Rating: 3.25 stars
Buy Link:
Amazon | iBooks | Amazon UK
Length: Novel

 

“Do whatever you want with him, but leave him still able to hack when you’re done.” With these words, Brendan is given carte blanche to deal with the man who invaded his privacy, who hacked into his computer and spied on him in his time of grief and madness. The man he had kidnapped and given over to what remains of his mercy.

I need you do this for me. And for him. Seduce him. Fuck him. Let him get a taste of life again!” How can Connor refuse the words of a lonely ghost, especially when Frankie is asking him to coax into bed is none other than Brendan Shyth, the brilliant pianist whose music brought Connor’s soul out of its darkest moments. And Brendan just so happens to be the man who had Connor kidnapped, stripped naked, and locked in the spare bedroom. So step one, introduction, is accomplished! And step two, get naked, too. Now he just needs to get Brendan to let down his shields enough to trust Connor.

This is the first book in the Gentlemen Hackers series, introducing a world where some members of an ethnic group can change hair color at will, give themselves hysterectomies, grow fingers, use telepathy and telekinesis, and see ghosts. Ghosts, in this world, aren’t insubstantial spirits; rather they’re just a person’s spiritual energy with no flesh to support them, like Frankie. Frankie was Brendan’s boy. For five years, they were everything to one another until an accident took Frankie’s life, leaving him unable to comfort his Daddy. Not only that, for the past three years he’s been all but invisible, unable to touch or be touched, to speak to Brendan or have his very existence validated in any way, shape, or form. It’s enough to drive him mad. But what hurts worst is watching the man he loves slowly kill himself with despair, having given up on everything.

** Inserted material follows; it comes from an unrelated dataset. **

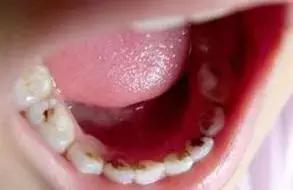 一口黄牙影响颜值,一口黄牙齿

Brendan isn’t actively suicidal, but he’s not exactly making an effort to stay alive. For the past three years, he’s been going through the motions, having shut himself in in house, moving from room to room with no real purpose. He hasn’t touched his piano, and carries Frankie’s vase — one of the last pieces of pottery he made — with him like a security blanket. He’s done the whole “drink your life away”, but that didn’t end up being fun. In a fit of madness, Brendan lost two fingers, which had to be regrown, and now his butler has orders to sedate him by force, if necessary, if he should get manic or self destructive again. And none of this is helped by the worry that he’s going mad as he can still hear Frankie’s voice in his head, and it’s tearing him apart.

Connor hadn’t meant to get in the middle of all this, and he hadn’t meant to cause Brendan any pain. He just wanted to watch the man who saved his life. Much like he watches the lives of all the people whose computers he’s hacked over the years. Having been hurt so badly in the past, Connor now simply watches. It’s as if he’s part of their lives, watching them as they go about their day-to-day affairs, pretending he’s not isolated and lonely in his small apartment. Frankie asking him for help, trusting that he can make things better for Brendan, and fucking his brains out — the man’s a ghost, but he’s solid enough to be felt, and so very good at making Connor feel every last touch — is flattering. No one’s ever noticed Connor enough to think he’d be useful.

Between Connor’s abandonment issues, Brendan’s grief and uncertainty having him go hot and cold and hot again every time he touches Connor, and Frankie’s jealousy and touch-starved, attention-starved three years, this is a very unbalanced triangle. Unfortunately, the book doesn’t really go into any effort to find a harmony between the three of them; instead, it’s just a happy ending with characters who get over their problems and traumas with a little sex (okay, a fair amount of sex) and some bland declarations of love.

The world building was a wave of a hand, a mention here and there, but I didn’t find that it really added any more to the story than a faint coating of frosting. In all the world only two countries have computer capabilities, and only one of them is sophisticated enough to have hackers. And Connor hacks the way I might walk. He hacks a phone, he hacks a bank, he does hacking. For as much of the weight of the story rests on this hacking thing, there’s no real sense of reality to it. It feels more like some magical afterthought.

For all that there were some ideas here and there that caught my attention, the story itself just didn’t deliver. The relationship felt bare bones and thin with easy answers to questions, and precious few questions were ever asked. The world building was lacking, and the characters themselves were brightly colored with little shade or nuance. However, that said, the writing was decent and the pace was fine. All in all, this is a harmless book, but not one I recommend.